### Exercise
Print the line containing "TV Stand For" and all lines after it, unchanged, through the end of the data. Leave the pictures out.

• • •

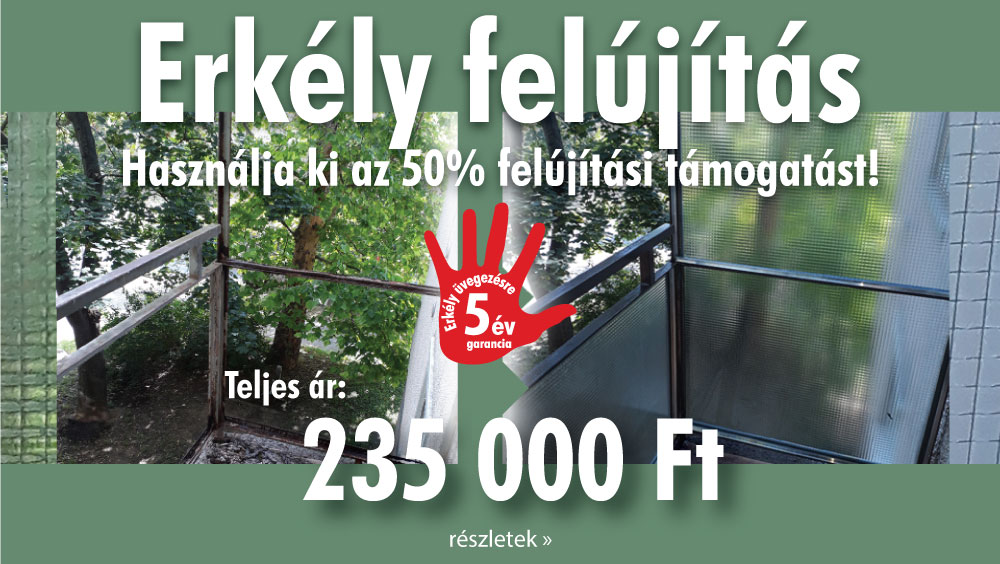 Erkely uvegezes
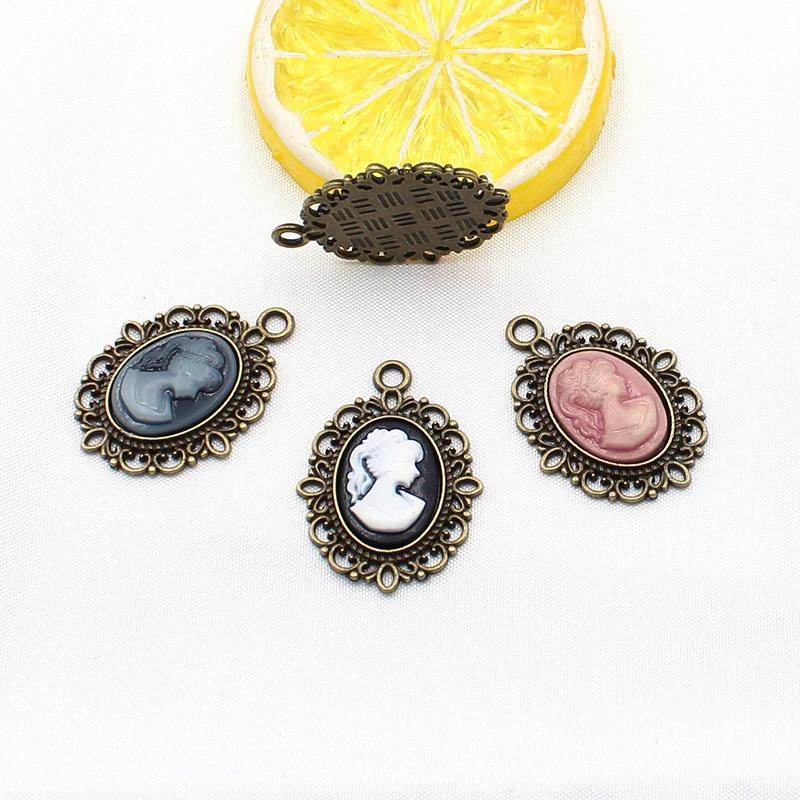 Antique Silver Oval Zinc Alloy Pendant With An Inlaid 18*25Mm Beauty Head Design, Hair Accessory Necklace, Diy Jewelry Accessory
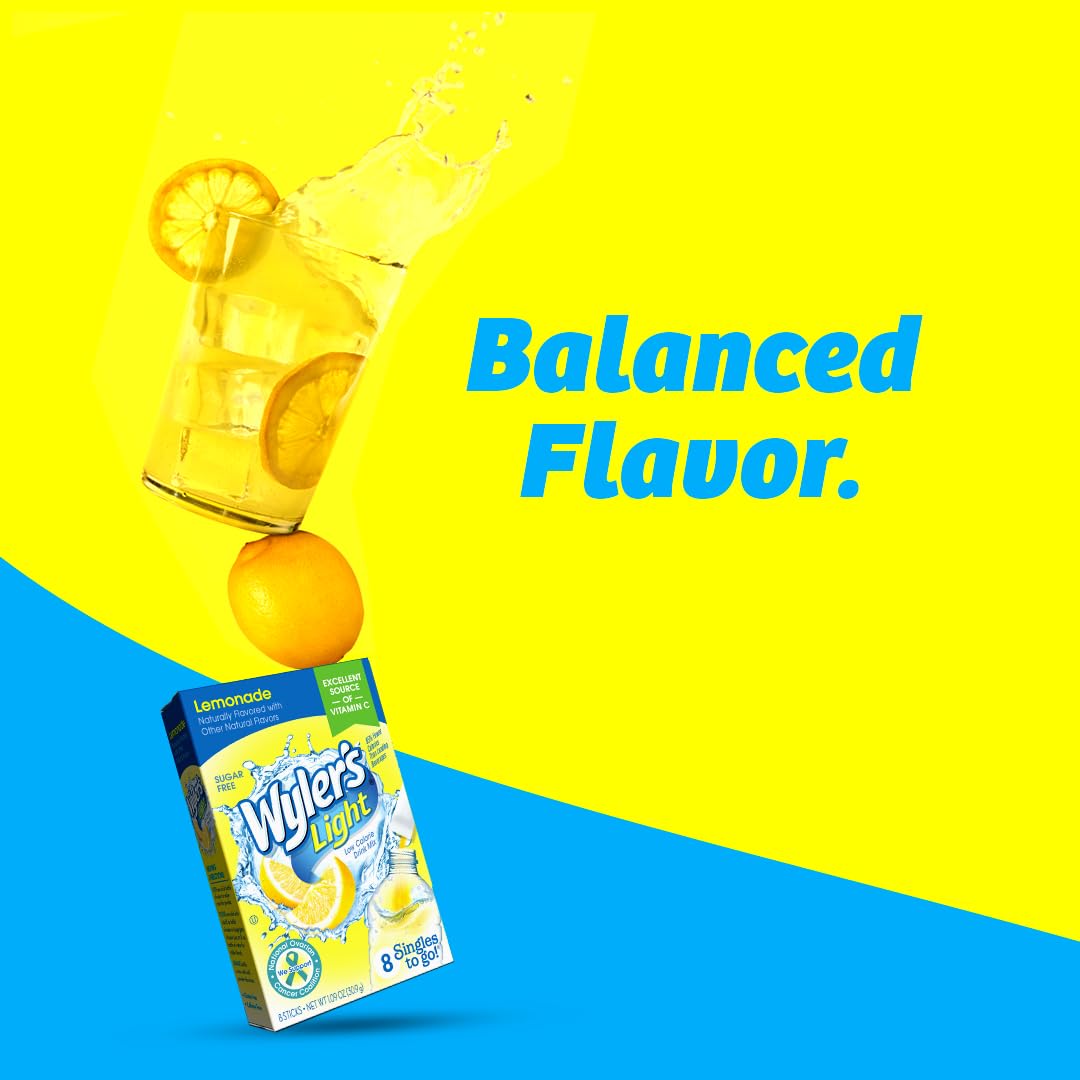 Wyler's Light Singles To Go Powder Packets – Kid Friendly Lunchbox Water Flavor, Sugar-Free Lemonade Sticks for School and Soccer Practice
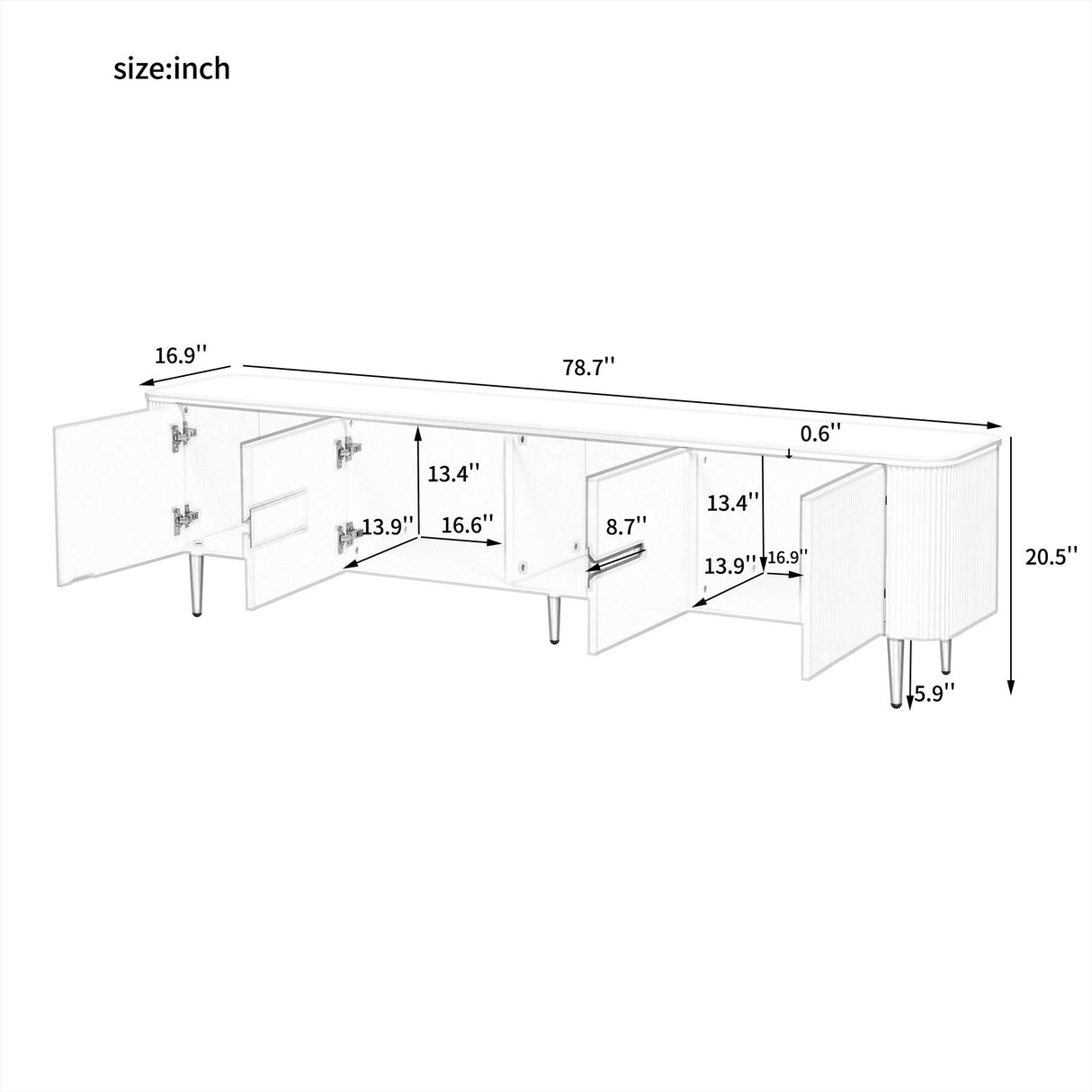 TV Stand For TVs, Media Console With 4 Spacious Cabinets For Living Room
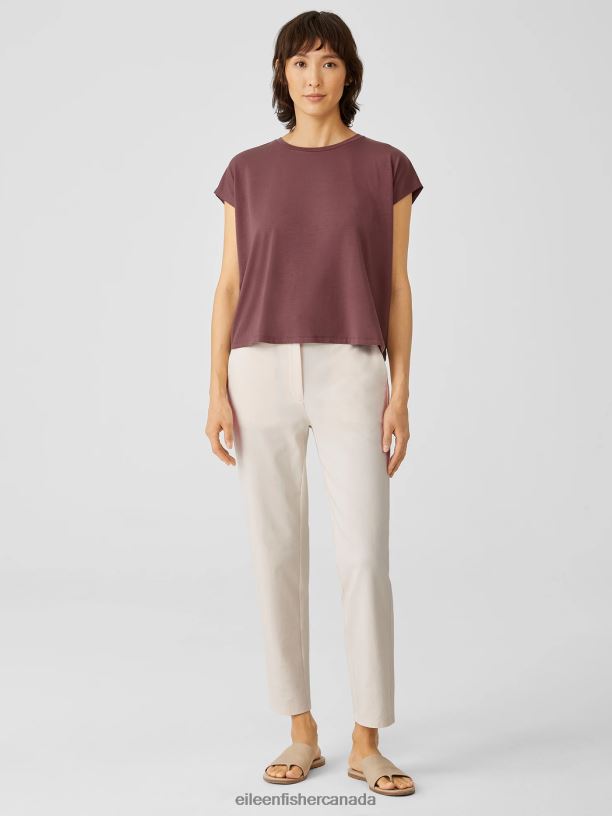 EILEEN FISHER Cotton Ponte Slim Pant Slim Fit Ankle Length Women SOFTWHITE Clothing 024FN749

• • •

### Task result
 TV Stand For TVs, Media Console With 4 Spacious Cabinets For Living Room
 EILEEN FISHER Cotton Ponte Slim Pant Slim Fit Ankle Length Women SOFTWHITE Clothing 024FN749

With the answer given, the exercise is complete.